Pickled Koryu – March 5, 2014, Kim Taylor, Renshi, CI Sei Do Kai Guelph ON, Nanadan

The internet knows that koryu are small secret fighting arts that are headed by a soke and should be preserved for their inherent value. Well perhaps that is true for some arts and for some students of the arts, but I’ve never been too sure.

One head per art? As far as I know one fellow’s got the papers and whatnot for my iai koryu (Muso Jikiden Eishin Ryu). Do I follow him? No. Have I ever practiced that style of MJER? Yes. Do I practice it now? No. Is this a problem for me? No. MJER is big and even small arts don’t stick together forever. I’ve got an iai lineage back to Oe Masamichi but it’s not the same line as back through the current soke.

How about the art itself, should it be carefully preserved intact as it has been for the last 400 years? Let’s talk about Tachi Uchi no Kurai, one of the partner sets of MJER, should it be preserved? Umm, which version? I have, in the course of my training, learned 3 separate and distinct versions of the 10 kata. Could probably find my original notes lying around somewhere I’m sure. So what do I teach if asked? The ones in Mitani’s book of course, it’s big and on my shelf and so I don’t have to go tear the house apart looking for my notes. Since it was published in a very nice book with pictures, it’s also the version that a lot of people standardized on for the same reason I’m sure, it’s handy. I’m not too fussed if the other versions disappear into history, although I do teach them to my own students because I find the variations useful to teach specific concepts in a graduated order, (as a result my personal Tachi Uchi no Kurai is a set of 17 kata and often some variations thrown in).

I’m not too worried that “martial arts get lost” since they get lost all the time. What’s the inherent value of a martial art? The true value lies in the practice not the existance of the techniques in someone’s notebook.

Want to help perpetuate small and rare martial arts? By all means, go for it, find them and learn them and teach them. Unfortunately, I’m not too confident that they will be found and preserved by us Western folks. We used to run a koryu seminar that featured many different arts that are actually being taught here in the west, some of them quite small but instruction is available. I think the best we ever did was 40 students which actually is pretty good but not something to crow about when you consider the population of North America is what, 5x that of Japan? If the small arts are to be preserved it’s likely going to happen in Japan… actually it more or less has to. Is there ever going to be a case where an art dissappears from Japan, gets preserved in the West and then returned to Japan?

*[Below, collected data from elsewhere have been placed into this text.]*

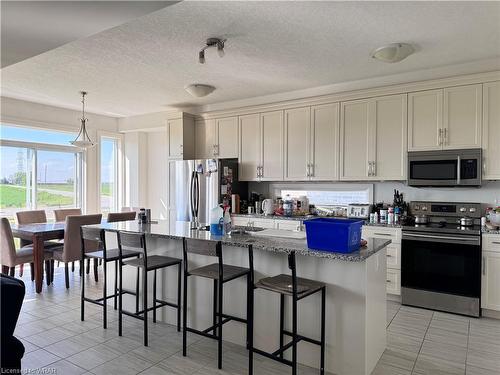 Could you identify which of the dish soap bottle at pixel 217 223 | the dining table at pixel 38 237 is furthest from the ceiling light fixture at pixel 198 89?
the dining table at pixel 38 237

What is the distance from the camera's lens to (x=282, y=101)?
495 cm

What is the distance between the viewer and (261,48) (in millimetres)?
3287

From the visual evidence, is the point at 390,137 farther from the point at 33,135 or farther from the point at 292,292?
the point at 33,135

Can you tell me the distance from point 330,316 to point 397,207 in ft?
7.31

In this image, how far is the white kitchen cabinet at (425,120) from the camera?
3.87 meters

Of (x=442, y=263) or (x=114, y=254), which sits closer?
(x=114, y=254)

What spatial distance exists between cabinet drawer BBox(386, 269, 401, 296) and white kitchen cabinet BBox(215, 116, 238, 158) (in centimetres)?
281

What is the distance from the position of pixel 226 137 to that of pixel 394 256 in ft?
9.97

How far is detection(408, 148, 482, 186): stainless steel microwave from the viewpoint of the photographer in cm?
366

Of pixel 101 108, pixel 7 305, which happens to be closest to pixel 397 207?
pixel 7 305

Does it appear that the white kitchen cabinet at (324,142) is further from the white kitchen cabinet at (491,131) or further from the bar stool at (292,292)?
the bar stool at (292,292)

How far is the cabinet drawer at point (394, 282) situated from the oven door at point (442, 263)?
0.05m

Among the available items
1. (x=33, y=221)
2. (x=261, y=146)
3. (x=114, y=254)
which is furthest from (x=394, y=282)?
(x=33, y=221)

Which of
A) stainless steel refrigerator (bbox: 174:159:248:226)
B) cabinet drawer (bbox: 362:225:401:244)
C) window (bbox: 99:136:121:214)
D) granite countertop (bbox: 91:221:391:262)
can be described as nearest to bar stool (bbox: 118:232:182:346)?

Yeah. No reason it shouldn’t but it’s not likely, we in the West are not going to preserve any Japanese cultural treasures for the Japanese. We may absorb them, we may inherit them and continue them for a few generations, but they aren’t likely going back once they’re lost over there.

This stuff exists as long as someone practices it. When nobody does, it disappears and nobody notices (because nobody is practicing). The world keeps spinning regardless.